Major domestic steel makers face first-quarter losses due to decreasing demand, and they are likely to stay in the red for some months, analysts said.
Hunan Valin Steel Co, one of the top 10 steel makers, on Saturday estimated its first-quarter loss was 690 million yuan ($110 million) to 730 million yuan, up nearly 200 million yuan year-on-year.
Also that day, Angang Steel Co estimated a loss of 1.8 billion yuan, while Shougang Group reported a loss of 140 million yuan to 160 million yuan.
"Besides fewer orders, another reason for the losses is persistent high iron ore prices," said Zhang Lin, a senior analyst at the Beijing Lange Steel Information Research Center.
"Many steel makers are working hard to cut costs and increase efficiency, but it won't help much."
She said even though the industry's conditions are usually best in the second quarter, prices will not increase much.
According to public statistics, daily crude steel output in March was 1.98 million tons, which is relatively high.
Zhang said rising output will mean larger inventories and lower prices, which won't help profitability.
The global economy is still weakening and China's GDP growth and investment are falling quickly, causing a big drop in domestic steel demand. All these factors are hurting profits, according to a report by Cinda Securities Co Ltd.
However, global miners remain enthusiastic about China's iron ore market and want to export more to the country.

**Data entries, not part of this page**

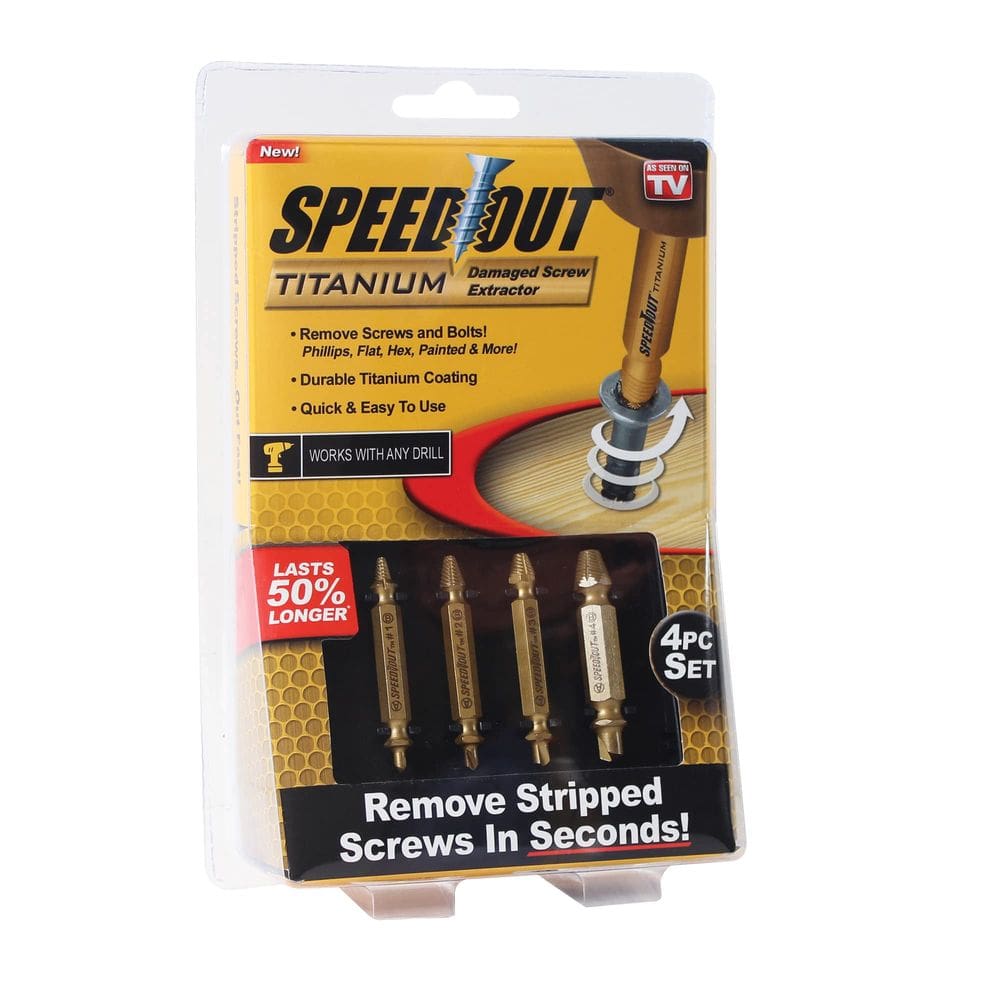 Kit extrator de parafusos Intel Speed Out Titanium 4 unidades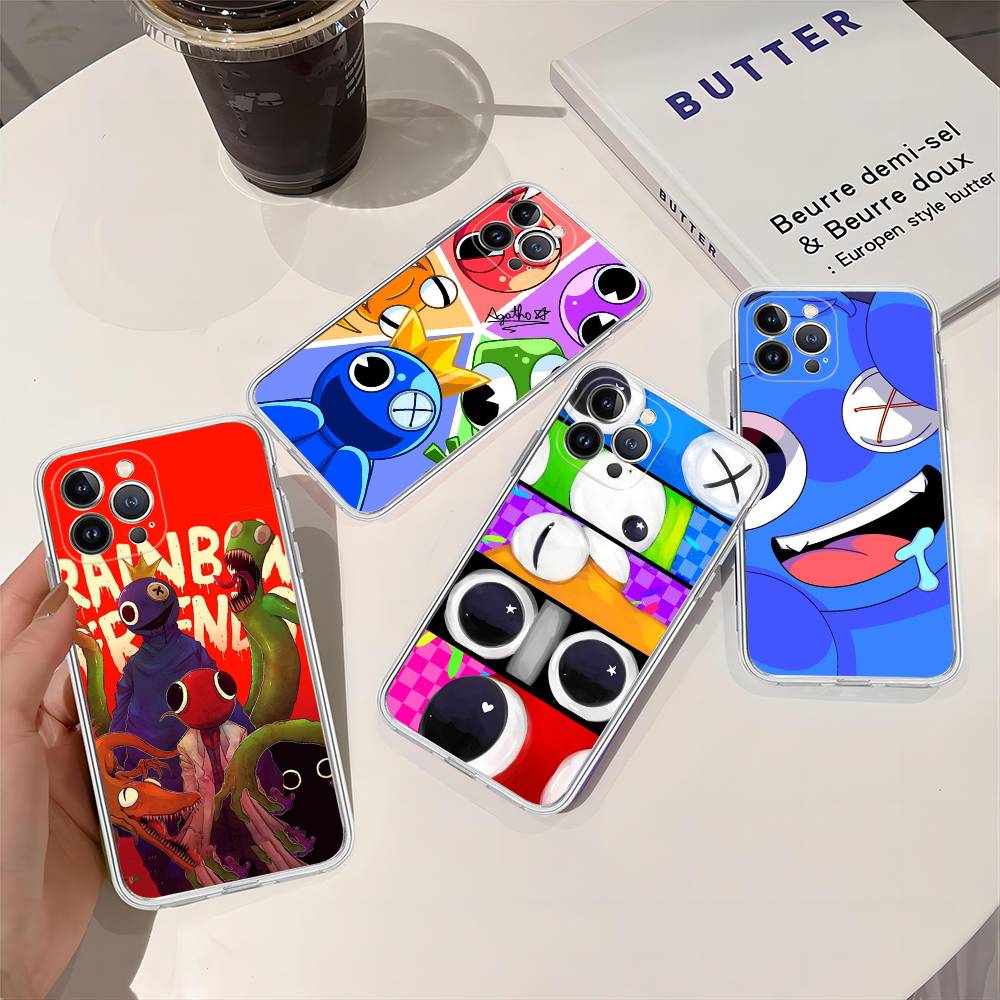 Rainbow Friends Toy Cartoon Phone Case For IPhone 17 16 15 14 13 12 11 Pro XS Max Plus Soft Silicone Cover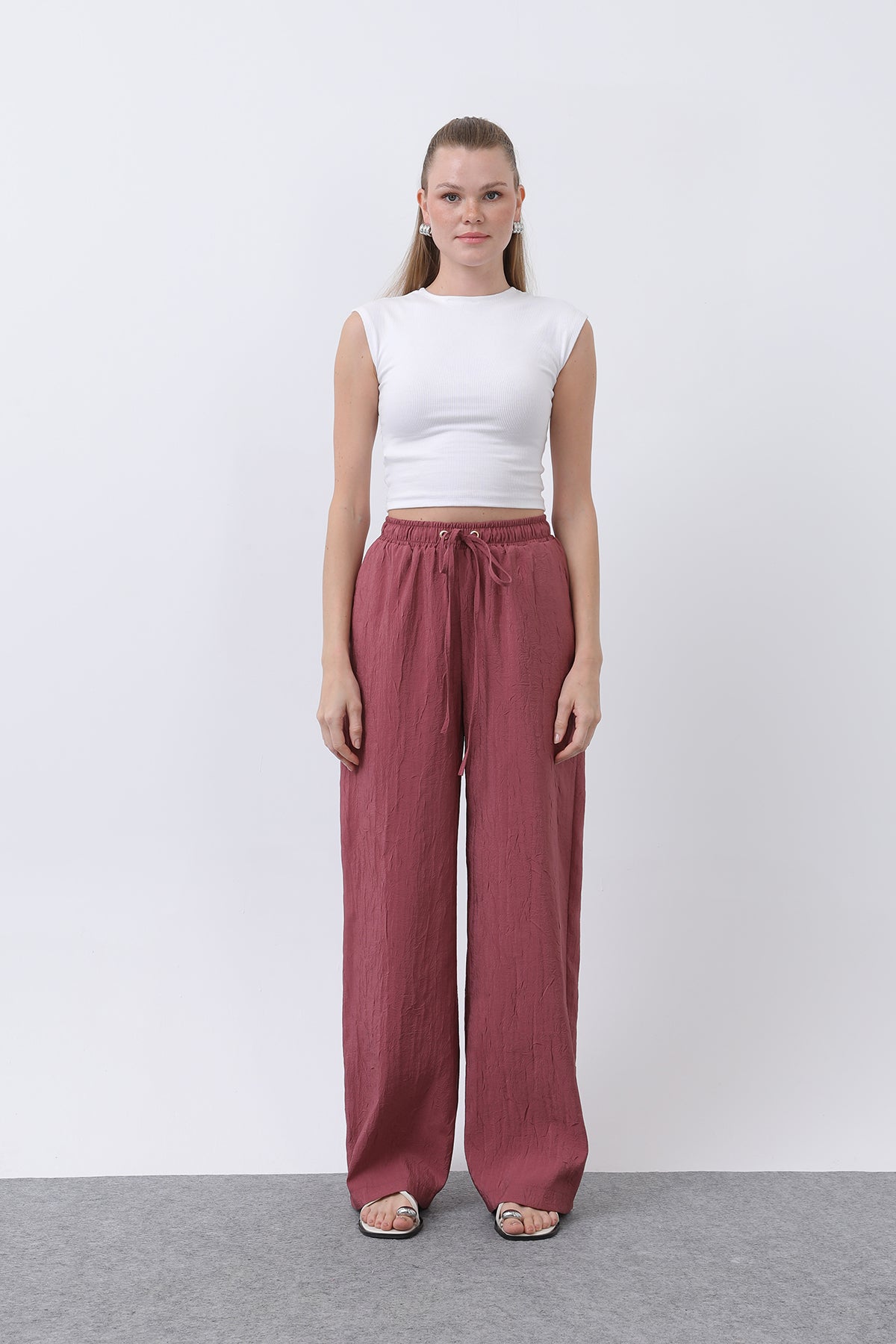 Kadın Belden Bağlamalı Pantolon - 32334PNT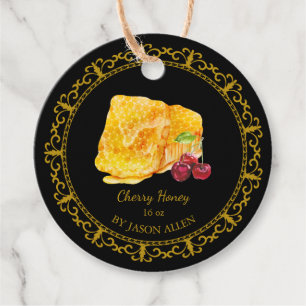 Honingraat Cherry Infusie Honey Hang Label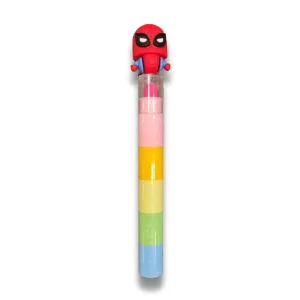 مداد شمعی فانتزی با 6 طرح شخصیت کارتونی – فروش تکی | Fluorescent Pen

Australia is the world's biggest iron ore producer and its iron ore trading volume accounts for about 42 percent of the world total.
Frances Adamson, Australian ambassador to China, said on Monday that Australia will double its iron ore output in the coming years, primarily to meet China's demand.
"Australia has been a reliable supplier of iron ore for China and is the first choice for China's resource imports in the long term," she said.
Atlas Iron Ltd, the fourth-largest iron ore company in Australia, shipped 10 million tons of the commodity to China between 2008 and Jan 1 this year.
The company estimated it would ship 6 million to 9 million tons of iron ore to China in 2012.
David Flanagan, executive chairman of the company, said: "We see China as a big market and the business with China will grow."
Many industry insiders believe that iron ore supply will exceed demand in 2013 and 2014, but Flanagan said that wouldn't happen soon.
Atlas is seeking to establish joint ventures with Chinese partners in mining projects. It might also cooperate with Chinese companies on infrastructure projects such as railways and ports.
It also said it is in discussions regarding China's new physical iron ore trading platform.
"All the foreign iron ore traders see China as their current or future main market," she said.